How does (*++argv)[0] work in this code from K&R2?


This question is about the meaning of some syntax from Chapter 5, section 5.10 of "The C Programming Language" K&R2, pg. 117.

Earlier in this Chapter of the K&R2 book, they explain that the name of an array is a pointer to its first element; therefore, I know that argv is a pointer to the first command-line argument, e.g. ./Exercise5-10.

How does the syntax work in the while loops of this program? (*++argv)[0] I know gets the first character of a string: argv naturally points to index 0 which is the program name, and is incremented to the next char* or string, then it is de-referenced with the * and its first char is accessed by the [0] notation. I just do not understand in the inner loop, how *++argv[0] goes parses through the string.

I even looked ahead in the book and the explanation still is not clear. To me, *++argv[0] first goes to the 0'th char* in argv, the program name. Then it is incremented to the next string, -x or whatever is the case.
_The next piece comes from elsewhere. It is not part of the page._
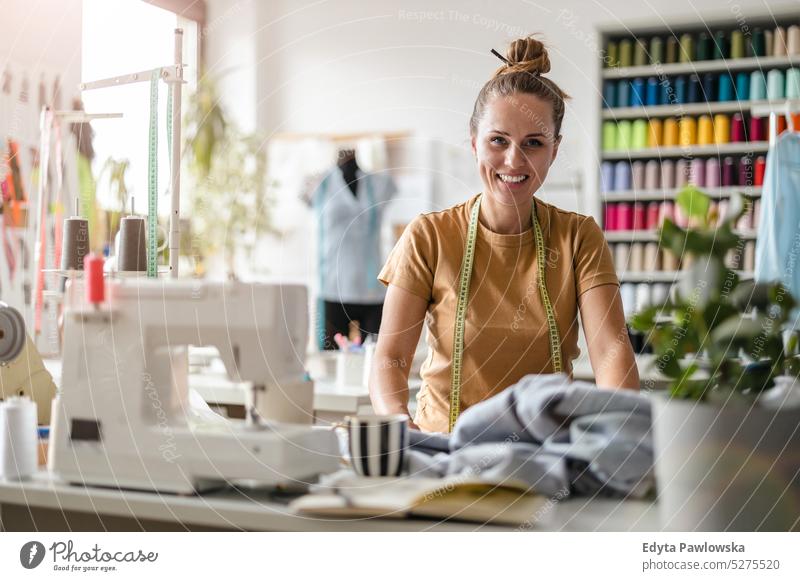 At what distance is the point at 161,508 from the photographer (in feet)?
3.00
Then de-referenced again thus leading to the first char.

I do not understand this and would like more clarification.

#include <stdio.h>
#include <string.h>
#define MAXLINE 1000

int getinput(char s[], int lim);

/* find: print lines that match pattern from 1st arg */
int main(int argc, char *argv[])
{
    char line[MAXLINE];
    long lineno = 0;
    int c, except = 0, number = 0, found = 0;

    while (--argc > 0 && (*++argv)[0] == '-')
        while ((c = *++argv[0]))
            switch (c)
            {
                case 'x':
                    except = 1;
                    break;
                case 'n':
                    number = 1;
                    break;
                default:
                    printf("find: illegal option %c\n", c);
                    argc = 0;
                    found = -1;
                    break;
            }
    if (argc != 1)
        printf("Usage: find -x -n pattern\n");
    else
        while (getinput(line, MAXLINE) > 0)
        {
            lineno++;
            if ((strstr(line, *argv) != NULL) != except)
            {
                printf("%ld:", lineno);
                printf("%s", line);
                found++;
            }
        }
    return found;
}

/* getline: read a line into s, return length */
int getinput(char s[], int lim)
{
    int c, i;

    for (i = 0; i < lim-1 && (c = getchar()) != EOF && c != '\n'; ++i)
        s[i] = c;
    if (c == '\n')
    {
        s[i] = c;
        ++i;
    }
    s[i] = '\0';
    return i;
}

Solution

  •  while (--argc > 0 && (*++argv)[0] == '-')
    

    "while there are some arguments left, and the first character of the next argument is a dash (and by the way, increment argv to point to that argument)". This implicitly ignores argv[0], which is the program name, since the first thing it does is increment argv to point to (what was formerly) argv[1].

    while ((c = *++argv[0]))
    

    "while there are some characters left in the argument pointed to by argv[0] (i.e. we haven't reached the null-terminator), and by the way, increment that pointer, but also save the pointed-to character as c". Again, this ignores the first character of the argument (which we already know is a '-') by incrementing before dereferencing.

    switch (c)
    

    do something with each flag character. This is using the rather old Unix flag style where flags have one-character names, and -abc is the same thing as -a -b -c.

    This code in-place modifies argc, argv, and every element of argv that contains a flag, which would be considered fairly sloppy and confusing today, but in 1970 space was at a premium (a typical machine that C was targeting would probably have a few tens of kilobytes of memory, and sometimes even less), and making a copy of something when you would never need the original again would have been considered a bit sinful. It leaves the program in a state where argc is the number of non-flag arguments, and argv[0] points to the first non-flag argument.